Pero la criatura a veces me ponía en situaciones incómodas. La maestra regañó a mi hijo por el desorden en el cuaderno. Manchas y suciedad continuamente. Y él dijo que su madre lo elogiaba por ello. Por la noche recibí un regaño de ella en WhatsApp. Me avergoncé, pero decidí responderle que era mejor que él aprendiera a encontrar y corregir errores en vez de tener miedo de cometerlos.

También hubo fracasos. Un día íbamos con mi hijo en un autobús lleno. Él estaba sentado viendo su teléfono móvil. Al lado estaba parada una señora de unos 60 años. Yo le susurré: “Levántate, no ves que hay una señora mayor”. Y me dijo: “Ella no es tan mayor en absoluto”. Yo me sentí mal. Luego, la mujer dijo: “Muchas gracias, muchacho, por el cumplido.

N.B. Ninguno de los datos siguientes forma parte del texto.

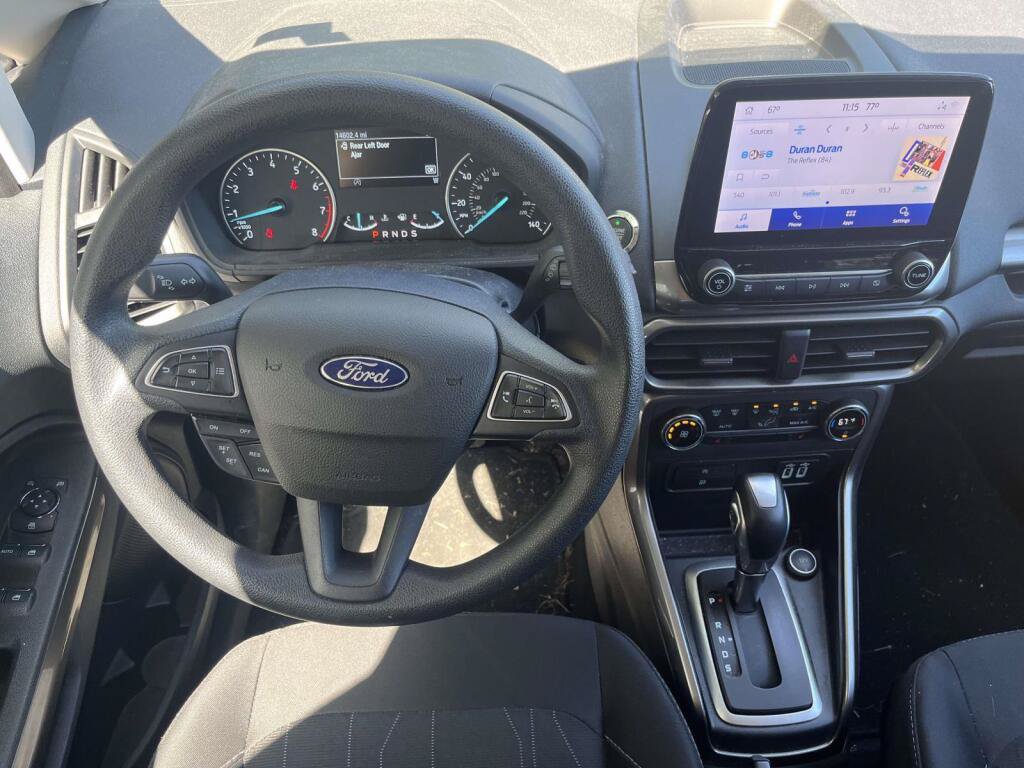 Used 2022 Ford EcoSport SE AWD/4WD image 2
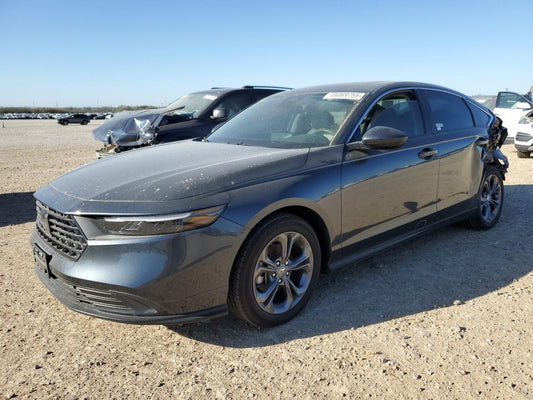 2024 HONDA ACCORD EX VIN:1HGCY1F31RA005679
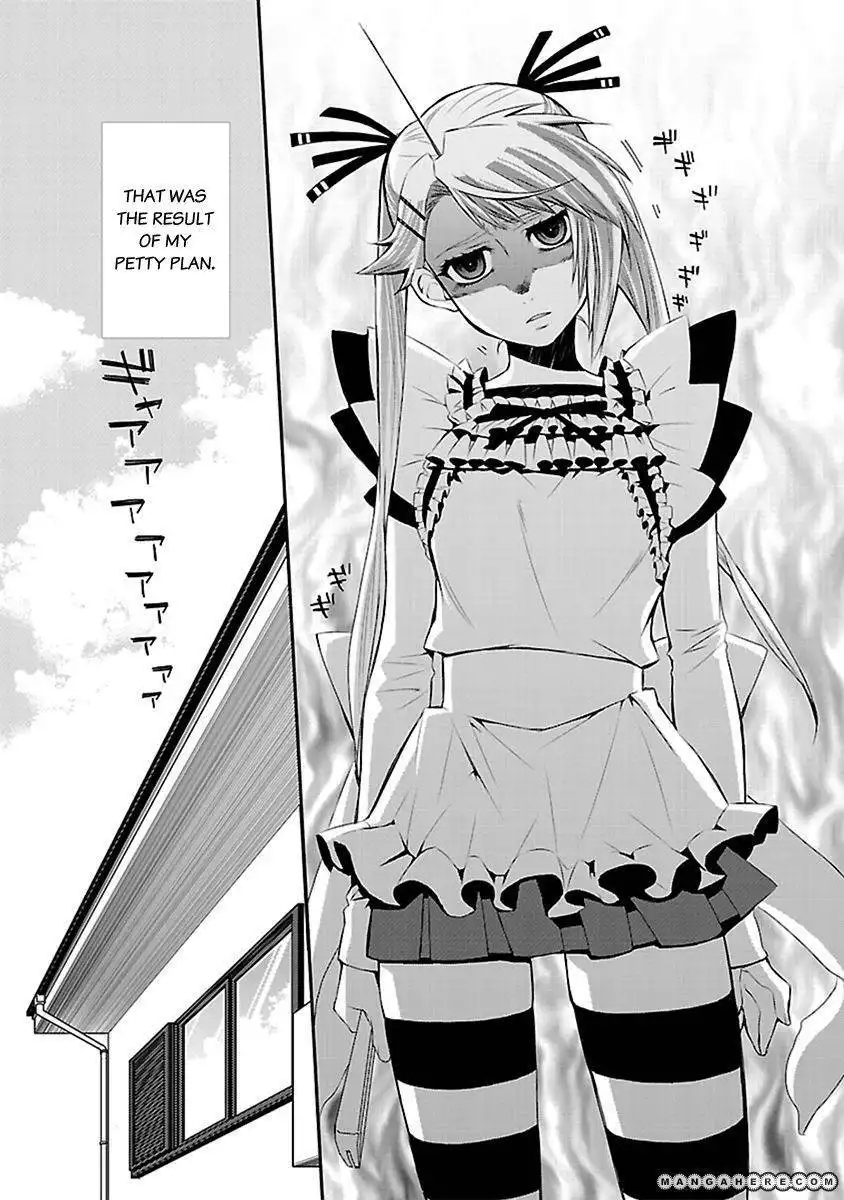 Nyankoi! Chapter 30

La verdad es que no soy tan mayor”. Mi hijo le sonrió y le contestó: “¿Quiere que me mueva o le sostenga la bolsa?”. Nos bajamos en la parada del autobús y ahí no pude resistirme y le grité. El rostro del pobre se estiró y susurró con silencioso resentimiento: “Mamá, prometiste no regañarme”.

Pero yo estaba temblando de rabia. Después de todo, ya era un chico grande, ¿cómo podía comportarse así? Luego me calmé y me sentí muy avergonzada. Después de todo, no se trataba de su frase descortés, sino de mi promesa. Abracé al niño abatido y le dije: “Lo siento, es difícil deshacerse de los malos hábitos. Pero no hay nada especial que elogiar aquí, debes admitirlo”.

El experimento en sí no fue fácil para mí. Decidí preguntarle a mi hijo sobre sus impresiones. Dijo que le gustaba todo. Solo que a veces se cansaba de recordarme que tenía que alabarlo. Yo me puse triste casi hasta las lágrimas.

¿Realmente estaba tan acostumbrada a fastidiar al niño por cualquier cosa que ahora no podía hacer frente a mi propio experimento? ¿Qué clase de madre estaba siendo? Mi esposo tampoco estaba contento con mis experiencias de enseñanza. En su opinión, poco cambió en el comportamiento de nuestro hijo. Sin embargo, al ver mi rostro deprimido, notó que comencé a quejarme menos y que eso era genial. Así que decidí dejar de elogiar y concentrarme en molestarme menos. Tanto con mi hijo como con mi esposo. Primero trataba de pensar en elogios en mi cabeza y solo después decía algo en voz alta.

En general, no diré que las dificultades con la disciplina y las tareas de la escuela se resolvieron, pero en casa todo se volvió más tranquilo. Alabar al niño constantemente y por todo, mostrando milagros de ingenio, era una tontería. El proceso o se convertiría en un juego, o comenzaría a parecerse a una burla. Pero al menos me liberé un poco de las tediosas declaraciones y quejas en cada ocasión. Todos nos calmamos. Y mi hijo ahora dice solemnemente que regañar no es la mejor manera de lograr lo que uno quiere.

Qué crees que funciona mejor: ¿elogios o regaños?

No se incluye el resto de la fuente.